- Aim of the task
Work through the records below and copy every line that includes "tweet".

[Data records Boundary: Start]

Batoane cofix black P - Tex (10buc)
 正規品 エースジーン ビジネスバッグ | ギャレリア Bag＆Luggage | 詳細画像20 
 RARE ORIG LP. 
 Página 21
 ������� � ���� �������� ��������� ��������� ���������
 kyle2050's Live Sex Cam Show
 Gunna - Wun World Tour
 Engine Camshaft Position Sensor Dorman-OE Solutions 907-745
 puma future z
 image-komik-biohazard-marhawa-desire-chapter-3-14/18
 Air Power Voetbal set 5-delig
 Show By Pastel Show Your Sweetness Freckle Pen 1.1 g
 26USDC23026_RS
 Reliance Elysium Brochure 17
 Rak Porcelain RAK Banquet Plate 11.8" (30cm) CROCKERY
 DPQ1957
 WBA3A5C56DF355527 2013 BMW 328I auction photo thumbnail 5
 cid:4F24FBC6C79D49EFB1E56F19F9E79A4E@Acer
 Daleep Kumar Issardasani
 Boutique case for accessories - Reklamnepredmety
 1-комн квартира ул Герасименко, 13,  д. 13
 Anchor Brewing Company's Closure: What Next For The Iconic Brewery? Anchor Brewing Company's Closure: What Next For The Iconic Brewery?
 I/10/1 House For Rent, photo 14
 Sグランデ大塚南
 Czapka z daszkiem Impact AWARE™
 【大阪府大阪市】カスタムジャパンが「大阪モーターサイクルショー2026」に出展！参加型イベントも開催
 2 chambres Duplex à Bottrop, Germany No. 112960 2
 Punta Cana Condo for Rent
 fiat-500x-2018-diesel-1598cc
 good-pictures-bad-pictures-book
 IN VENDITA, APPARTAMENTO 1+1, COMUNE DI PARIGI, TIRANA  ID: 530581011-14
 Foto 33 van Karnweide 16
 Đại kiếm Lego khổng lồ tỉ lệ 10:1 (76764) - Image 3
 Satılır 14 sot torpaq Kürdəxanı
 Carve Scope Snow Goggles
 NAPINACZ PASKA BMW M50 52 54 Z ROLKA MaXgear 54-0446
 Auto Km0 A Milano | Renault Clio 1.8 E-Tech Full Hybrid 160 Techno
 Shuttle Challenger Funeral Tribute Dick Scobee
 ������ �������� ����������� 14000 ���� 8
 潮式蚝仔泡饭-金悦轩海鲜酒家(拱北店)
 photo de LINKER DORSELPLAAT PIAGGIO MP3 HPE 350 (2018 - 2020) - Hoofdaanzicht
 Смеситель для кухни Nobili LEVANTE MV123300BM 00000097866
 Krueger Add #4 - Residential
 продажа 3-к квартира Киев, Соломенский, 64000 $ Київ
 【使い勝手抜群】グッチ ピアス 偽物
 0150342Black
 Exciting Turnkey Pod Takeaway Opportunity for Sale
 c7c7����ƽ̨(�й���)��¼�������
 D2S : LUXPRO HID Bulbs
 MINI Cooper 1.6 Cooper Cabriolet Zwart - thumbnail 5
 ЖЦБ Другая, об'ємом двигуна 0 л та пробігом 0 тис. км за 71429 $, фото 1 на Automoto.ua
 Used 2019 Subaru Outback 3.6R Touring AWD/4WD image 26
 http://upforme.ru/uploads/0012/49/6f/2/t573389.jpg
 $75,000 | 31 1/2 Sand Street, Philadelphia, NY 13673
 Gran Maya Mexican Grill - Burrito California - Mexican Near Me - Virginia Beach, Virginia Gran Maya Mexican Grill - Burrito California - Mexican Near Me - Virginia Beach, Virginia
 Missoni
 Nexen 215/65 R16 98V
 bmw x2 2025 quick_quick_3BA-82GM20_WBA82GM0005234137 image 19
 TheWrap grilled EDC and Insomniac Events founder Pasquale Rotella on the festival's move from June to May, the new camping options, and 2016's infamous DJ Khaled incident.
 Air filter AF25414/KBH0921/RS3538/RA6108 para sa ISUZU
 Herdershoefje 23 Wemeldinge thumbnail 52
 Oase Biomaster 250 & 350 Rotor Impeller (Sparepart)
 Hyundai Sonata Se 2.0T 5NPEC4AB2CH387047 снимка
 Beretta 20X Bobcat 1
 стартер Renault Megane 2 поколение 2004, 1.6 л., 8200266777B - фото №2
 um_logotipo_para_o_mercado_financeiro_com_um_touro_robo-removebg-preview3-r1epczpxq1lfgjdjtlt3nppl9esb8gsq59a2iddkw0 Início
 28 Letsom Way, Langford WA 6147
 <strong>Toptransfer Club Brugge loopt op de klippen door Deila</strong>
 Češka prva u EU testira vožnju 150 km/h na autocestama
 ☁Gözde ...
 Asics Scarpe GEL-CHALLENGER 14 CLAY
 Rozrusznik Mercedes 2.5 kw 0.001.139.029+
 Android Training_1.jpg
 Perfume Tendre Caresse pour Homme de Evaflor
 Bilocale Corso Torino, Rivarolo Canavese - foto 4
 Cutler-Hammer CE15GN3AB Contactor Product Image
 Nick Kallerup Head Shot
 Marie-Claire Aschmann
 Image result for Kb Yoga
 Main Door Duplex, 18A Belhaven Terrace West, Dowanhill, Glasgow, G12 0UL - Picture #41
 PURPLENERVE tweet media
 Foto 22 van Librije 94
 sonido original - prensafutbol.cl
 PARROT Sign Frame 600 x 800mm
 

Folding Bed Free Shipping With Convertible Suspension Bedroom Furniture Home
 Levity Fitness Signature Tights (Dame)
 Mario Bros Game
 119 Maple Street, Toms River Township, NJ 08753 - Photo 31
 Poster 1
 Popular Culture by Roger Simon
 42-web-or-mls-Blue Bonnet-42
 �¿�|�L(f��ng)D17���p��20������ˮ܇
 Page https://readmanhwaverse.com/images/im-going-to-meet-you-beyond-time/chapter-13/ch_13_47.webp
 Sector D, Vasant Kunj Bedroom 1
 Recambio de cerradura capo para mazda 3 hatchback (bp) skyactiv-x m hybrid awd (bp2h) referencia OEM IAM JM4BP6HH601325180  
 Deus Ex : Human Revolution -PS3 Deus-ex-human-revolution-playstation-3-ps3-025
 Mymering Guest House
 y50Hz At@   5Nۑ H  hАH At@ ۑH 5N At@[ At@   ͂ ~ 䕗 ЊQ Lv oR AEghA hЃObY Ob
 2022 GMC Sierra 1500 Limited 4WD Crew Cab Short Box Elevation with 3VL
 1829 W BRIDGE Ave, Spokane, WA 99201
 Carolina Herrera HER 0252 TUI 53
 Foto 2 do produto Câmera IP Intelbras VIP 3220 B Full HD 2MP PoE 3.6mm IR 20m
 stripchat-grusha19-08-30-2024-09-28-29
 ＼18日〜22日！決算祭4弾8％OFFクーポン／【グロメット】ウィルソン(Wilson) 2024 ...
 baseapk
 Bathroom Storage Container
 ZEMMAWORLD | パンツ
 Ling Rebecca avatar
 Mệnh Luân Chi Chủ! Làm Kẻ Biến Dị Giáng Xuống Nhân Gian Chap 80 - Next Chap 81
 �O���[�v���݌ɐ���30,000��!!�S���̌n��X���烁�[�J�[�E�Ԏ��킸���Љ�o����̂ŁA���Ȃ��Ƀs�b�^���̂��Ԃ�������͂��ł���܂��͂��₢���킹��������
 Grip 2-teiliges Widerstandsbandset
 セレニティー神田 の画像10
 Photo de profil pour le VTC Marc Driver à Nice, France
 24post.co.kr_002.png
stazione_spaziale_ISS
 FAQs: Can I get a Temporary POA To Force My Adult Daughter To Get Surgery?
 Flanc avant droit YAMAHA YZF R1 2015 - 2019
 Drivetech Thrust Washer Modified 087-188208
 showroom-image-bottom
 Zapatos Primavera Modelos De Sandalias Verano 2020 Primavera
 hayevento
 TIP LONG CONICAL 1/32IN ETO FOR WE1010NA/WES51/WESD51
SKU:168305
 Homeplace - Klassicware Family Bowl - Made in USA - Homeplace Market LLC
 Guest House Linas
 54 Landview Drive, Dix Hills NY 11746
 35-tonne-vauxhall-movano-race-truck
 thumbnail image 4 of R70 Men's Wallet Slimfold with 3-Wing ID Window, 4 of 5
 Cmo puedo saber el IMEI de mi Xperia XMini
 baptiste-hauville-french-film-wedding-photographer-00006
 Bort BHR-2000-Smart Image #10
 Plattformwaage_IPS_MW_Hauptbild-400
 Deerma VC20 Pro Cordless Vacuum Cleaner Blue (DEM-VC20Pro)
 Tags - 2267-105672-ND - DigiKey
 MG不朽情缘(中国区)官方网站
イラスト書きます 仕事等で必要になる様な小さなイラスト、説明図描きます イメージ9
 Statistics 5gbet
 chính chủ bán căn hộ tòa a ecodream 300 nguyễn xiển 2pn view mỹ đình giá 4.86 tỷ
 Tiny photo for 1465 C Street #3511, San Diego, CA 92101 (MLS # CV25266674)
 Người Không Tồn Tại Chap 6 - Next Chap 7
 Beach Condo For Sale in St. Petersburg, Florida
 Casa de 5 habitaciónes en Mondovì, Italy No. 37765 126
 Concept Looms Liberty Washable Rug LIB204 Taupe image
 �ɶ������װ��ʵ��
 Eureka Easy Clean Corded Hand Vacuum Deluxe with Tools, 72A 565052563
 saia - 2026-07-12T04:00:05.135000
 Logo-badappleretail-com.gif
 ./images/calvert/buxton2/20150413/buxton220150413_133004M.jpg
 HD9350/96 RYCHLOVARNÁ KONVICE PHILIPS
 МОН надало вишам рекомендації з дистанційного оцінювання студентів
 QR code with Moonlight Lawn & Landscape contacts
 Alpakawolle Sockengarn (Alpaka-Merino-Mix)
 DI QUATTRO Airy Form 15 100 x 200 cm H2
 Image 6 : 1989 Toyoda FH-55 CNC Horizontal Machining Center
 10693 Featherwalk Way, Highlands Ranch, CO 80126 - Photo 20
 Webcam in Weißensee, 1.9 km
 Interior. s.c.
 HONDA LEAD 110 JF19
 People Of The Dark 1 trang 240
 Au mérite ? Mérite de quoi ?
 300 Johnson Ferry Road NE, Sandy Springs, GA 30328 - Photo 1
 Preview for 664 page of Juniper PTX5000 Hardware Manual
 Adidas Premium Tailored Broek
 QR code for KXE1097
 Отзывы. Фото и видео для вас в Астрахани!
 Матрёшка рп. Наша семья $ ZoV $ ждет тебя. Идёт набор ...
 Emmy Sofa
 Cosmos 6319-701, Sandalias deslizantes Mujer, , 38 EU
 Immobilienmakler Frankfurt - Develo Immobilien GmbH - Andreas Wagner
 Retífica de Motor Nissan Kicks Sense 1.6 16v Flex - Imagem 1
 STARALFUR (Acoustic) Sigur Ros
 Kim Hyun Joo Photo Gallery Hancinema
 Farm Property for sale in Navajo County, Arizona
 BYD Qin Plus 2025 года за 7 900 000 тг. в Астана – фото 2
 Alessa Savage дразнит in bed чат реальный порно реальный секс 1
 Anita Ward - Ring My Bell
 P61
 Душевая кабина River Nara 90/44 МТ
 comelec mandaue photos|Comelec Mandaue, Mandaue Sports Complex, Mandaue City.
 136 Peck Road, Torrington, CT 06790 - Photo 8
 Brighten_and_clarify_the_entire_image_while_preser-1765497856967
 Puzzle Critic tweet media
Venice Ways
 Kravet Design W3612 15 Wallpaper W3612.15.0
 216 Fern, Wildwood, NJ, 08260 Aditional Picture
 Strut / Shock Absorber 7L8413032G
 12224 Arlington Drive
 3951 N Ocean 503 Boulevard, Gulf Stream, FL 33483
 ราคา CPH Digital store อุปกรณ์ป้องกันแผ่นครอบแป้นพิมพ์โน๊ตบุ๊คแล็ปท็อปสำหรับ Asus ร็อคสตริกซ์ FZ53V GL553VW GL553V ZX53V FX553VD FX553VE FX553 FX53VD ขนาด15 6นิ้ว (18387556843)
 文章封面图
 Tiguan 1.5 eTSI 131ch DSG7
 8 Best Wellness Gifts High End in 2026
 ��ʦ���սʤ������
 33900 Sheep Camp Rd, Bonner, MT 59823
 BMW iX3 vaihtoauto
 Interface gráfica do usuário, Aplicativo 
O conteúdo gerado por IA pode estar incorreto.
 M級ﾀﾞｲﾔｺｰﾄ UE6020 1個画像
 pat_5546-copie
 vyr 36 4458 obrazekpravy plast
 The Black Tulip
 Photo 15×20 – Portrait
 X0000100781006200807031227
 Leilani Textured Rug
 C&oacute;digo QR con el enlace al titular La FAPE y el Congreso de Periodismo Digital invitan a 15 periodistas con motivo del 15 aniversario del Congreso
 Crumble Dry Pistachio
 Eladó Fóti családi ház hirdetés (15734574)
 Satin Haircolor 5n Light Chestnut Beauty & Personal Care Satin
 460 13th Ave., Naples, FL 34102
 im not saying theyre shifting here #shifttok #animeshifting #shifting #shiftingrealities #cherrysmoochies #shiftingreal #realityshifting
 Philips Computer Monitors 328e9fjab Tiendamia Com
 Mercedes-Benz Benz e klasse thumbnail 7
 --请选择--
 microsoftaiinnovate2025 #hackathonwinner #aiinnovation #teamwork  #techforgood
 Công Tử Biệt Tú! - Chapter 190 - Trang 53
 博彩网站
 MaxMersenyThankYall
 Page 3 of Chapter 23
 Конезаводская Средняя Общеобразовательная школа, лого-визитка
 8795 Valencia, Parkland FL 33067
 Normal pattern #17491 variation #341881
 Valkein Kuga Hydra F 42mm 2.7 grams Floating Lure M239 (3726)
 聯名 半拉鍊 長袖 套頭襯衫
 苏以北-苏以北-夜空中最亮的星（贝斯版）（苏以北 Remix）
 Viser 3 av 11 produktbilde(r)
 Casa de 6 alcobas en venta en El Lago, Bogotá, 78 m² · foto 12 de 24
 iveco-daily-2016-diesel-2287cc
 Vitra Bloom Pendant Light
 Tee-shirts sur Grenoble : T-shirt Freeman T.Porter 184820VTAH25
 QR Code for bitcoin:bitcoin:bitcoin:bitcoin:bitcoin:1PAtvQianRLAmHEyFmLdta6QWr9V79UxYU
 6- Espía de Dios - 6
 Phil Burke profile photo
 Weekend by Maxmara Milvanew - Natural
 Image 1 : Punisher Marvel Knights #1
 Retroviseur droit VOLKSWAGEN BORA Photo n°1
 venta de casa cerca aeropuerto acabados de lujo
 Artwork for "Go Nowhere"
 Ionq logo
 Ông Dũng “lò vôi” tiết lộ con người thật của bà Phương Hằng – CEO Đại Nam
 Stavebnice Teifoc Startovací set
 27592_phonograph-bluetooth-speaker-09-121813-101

[Data records Boundary: End]

- Task answer
 PURPLENERVE tweet media
 Puzzle Critic tweet media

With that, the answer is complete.